13 KiB
Database Synchronization between TackerDB and KubernetesDB
https://blueprints.launchpad.net/tacker/+spec/database-synchronization
Problem description
In the current implementation, TackerDB and VIM DB(KubernetesDB) such as etcd in Kubernetes are only synchronized when SOL002 heal is executed. However, when Kubernetes auto-heals or auto-scales and the pod restarts, the information is only reflected in the KubernetesDB and not in TackerDB. As a result, the following problems occurs.
- When a user uses a command or API to get information about a Pod resource, they see the information stored in TackerDB and get an out-of-date output.
- If a user attempts to scale when the database is inconsistent, the Pod scales at a number that the user does not intend because it sees and processes old information.
Note
The existing heal process already supports the ability to synchronize information about a Pod.
This specification supposes the below changes:
- Adds periodic synchronization of Pod information between TackerDB and KubernetesDB
Proposed Change
The following functions are incorporated in this specification.
Regularly retrieve information of pods that TackerDB and KubernetesDB hold, compare the data, and update TackerDB from KubernetesDB if there are differences.
Note
When the TackerDB is updated by synchronization processing, the information is shown in a log. The log contains the name of the old pod and the new one.
Enable config to specify the frequency of synchronization.
The attributes in the TackerDB to be updated are as follows:
- vnf_instantiated_info.scaleStatus.scaleLevel: Calculate the scaleLevel from the number of Pods retrieved from KubernetesDB and update it if it differs from TackerDB.
- vnf_instantiated_info.vnfc_resource_info: If the number of running Pods changes, increase or decrease the number of data in vnfcResourceInfo to match the number of running Pods.
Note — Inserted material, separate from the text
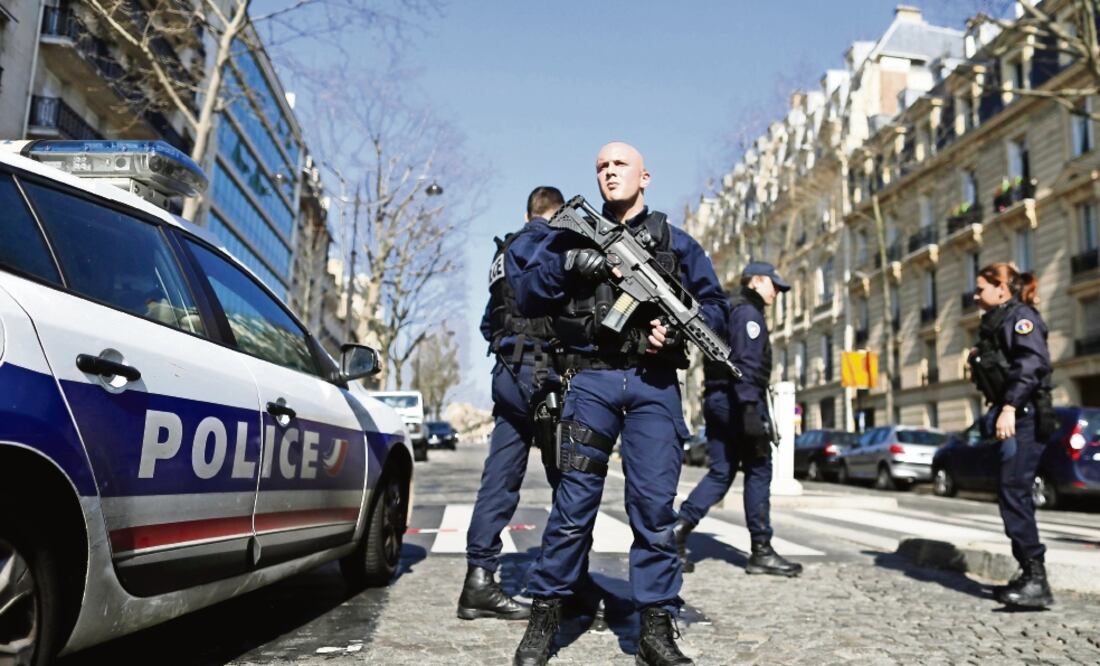 Agentes de policía francesa. Foto. EFE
- vnf_instantiated_info.vnfc_resource_info.computeResource.resourceId: Update resourceId with the new resource ID as Pod name.
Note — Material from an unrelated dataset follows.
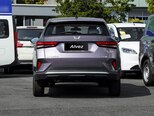 Wuling Alvez-5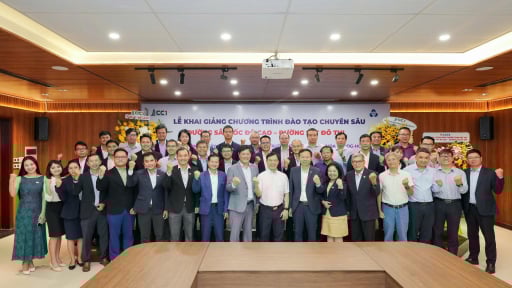 CC1: Khai giảng chương trình đào tạo nhân lực chuyên sâu về lĩnh vực đường sắt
- VnfInstanceV2.instantiatedVnfInfo.scaleStatus.scaleLevel: Calculate the scaleLevel from the number of Pods retrieved from KubernetesDB and update it if it differs from TackerDB.
- VnfInstanceV2.instantiatedVnfInfo.vnfcResourceInfo: If the number of running Pods changes, increase or decrease the number of data in vnfcResourceInfo and VnfInstanceV2.instantiatedVnfInfo.vnfcInfo to match the number of running Pods.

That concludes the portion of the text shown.